Exercise requirements: Copy each record below exactly, please, and leave its pictures out.

———

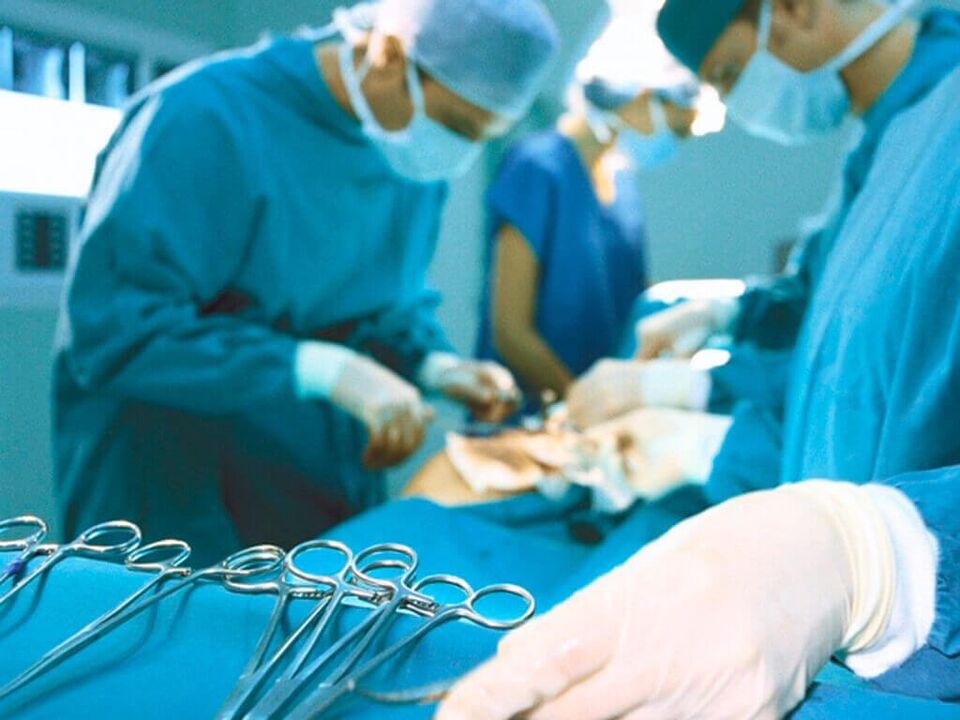 Operation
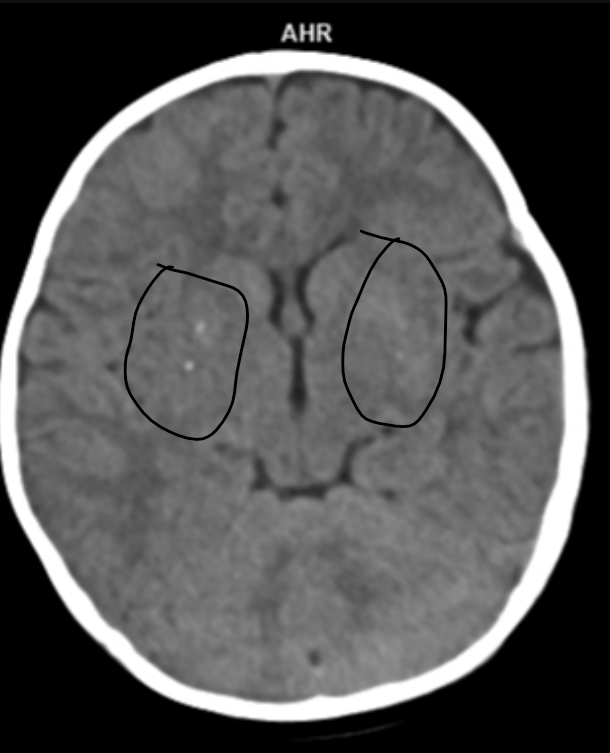 Ganymade__'s tweet photo. ⛳️Mineralizing angiopathy
-When you see bilateral punctate basal ganglia calsifications at the child scan, please consider this entity 
-It is a risk factor for pediatric stroke especialley at minor and mild trauma
#usmle #residency #Neurology  #radiology

https://t.co/rQ2bhn8gFn https://t.co/6uNk6f6NR4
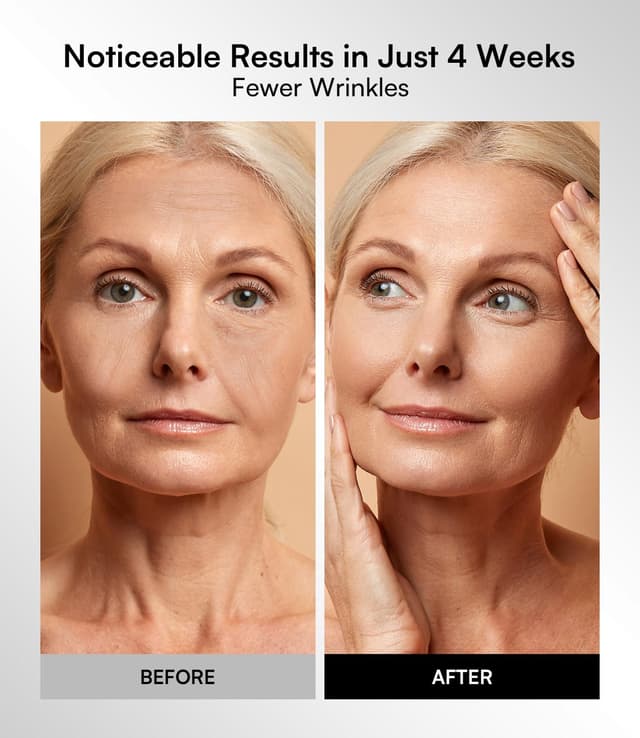 Detalle 2 de INIA Red Light Therapy Mask 2600mAh 🧖♀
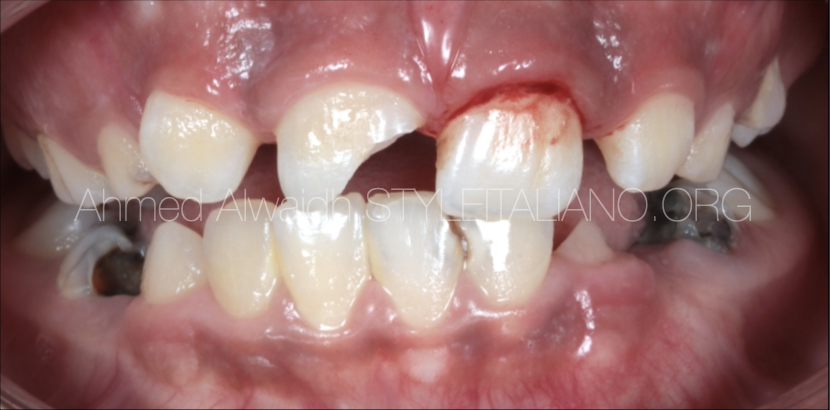 Vital Pulp Therapy: Part 1: Direct Pulp Capping for A Traumatic Exposure of Permanent Maxillary Right Central Incisor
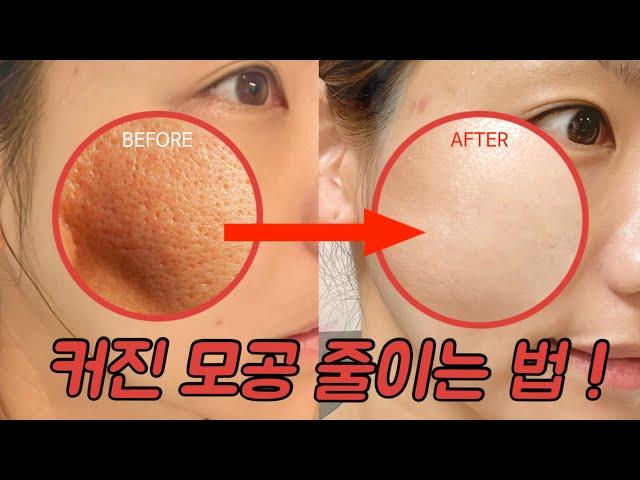 피부좋아지는법 이것만 따라해주세요! 모공줄이는법 성분추천 (알려주기 아까운 피부 관리법)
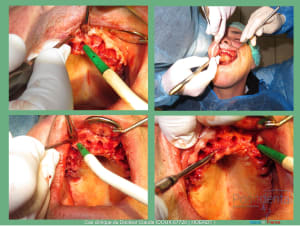 Mise en charge immédiade c - Eugenol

———

Exercise response:
 Operation
 Ganymade__'s tweet photo. ⛳️Mineralizing angiopathy
-When you see bilateral punctate basal ganglia calsifications at the child scan, please consider this entity 
-It is a risk factor for pediatric stroke especialley at minor and mild trauma
#usmle #residency #Neurology  #radiology

https://t.co/rQ2bhn8gFn https://t.co/6uNk6f6NR4
 Detalle 2 de INIA Red Light Therapy Mask 2600mAh 🧖♀
 Vital Pulp Therapy: Part 1: Direct Pulp Capping for A Traumatic Exposure of Permanent Maxillary Right Central Incisor
 피부좋아지는법 이것만 따라해주세요! 모공줄이는법 성분추천 (알려주기 아까운 피부 관리법)
 Mise en charge immédiade c - Eugenol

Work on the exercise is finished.